L’originalité est définie comme l’empreinte de la personnalité de l’auteur, ce qui signifie que l’œuvre ne doit pas être une simple reproduction d’éléments communs. Si l’originalité est contestée, il incombe à l’auteur de démontrer les caractéristiques qui justifient son droit d’auteur.

Le juge ne peut pas suppléer à cette carence et doit se baser sur les éléments fournis par l’auteur pour évaluer l’originalité. Cela implique que le défendeur doit également être informé des éléments qui fondent l’atteinte à son droit, afin de pouvoir apporter la preuve de l’absence d’originalité.

Comment la CJUE définit-elle l’originalité des photographies réalistes ?

La Cour de justice de l’Union européenne (CJUE) a précisé dans son arrêt du 1er décembre 2010 que l’originalité des photographies réalistes, y compris les portraits, repose sur la liberté créative de l’auteur à différents stades de la création.

Au stade préparatoire, le photographe peut choisir la mise en scène, la pose et l’éclairage.
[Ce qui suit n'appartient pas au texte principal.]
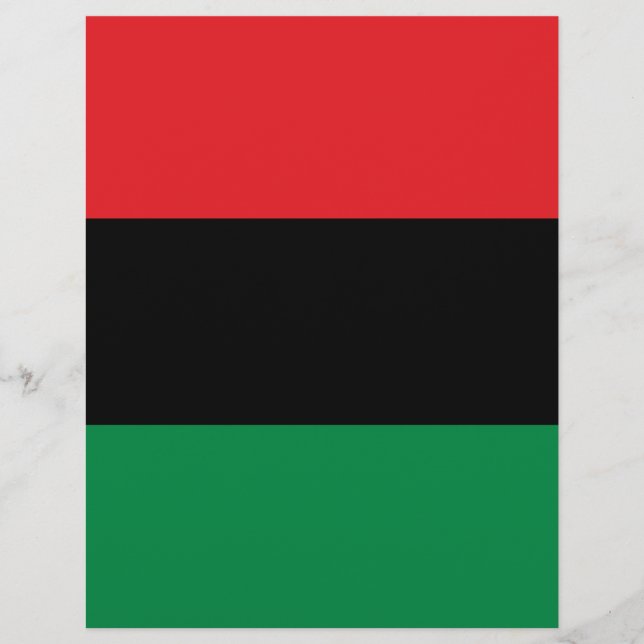 Drapeau panafricain UNIA (Devant)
Lors de la prise de vue, il peut décider du cadrage et de l’angle, et lors du tirage, il peut sélectionner des techniques de développement ou utiliser des logiciels pour modifier l’image.

Ces choix créatifs, effectués à divers moments du processus, contribuent à l’originalité de l’œuvre. Ainsi, contrairement aux photographies de presse ou sportives, où les choix sont souvent limités, les photographies réalistes peuvent bénéficier d’une protection par le droit d’auteur si elles reflètent l’empreinte personnelle de l’auteur.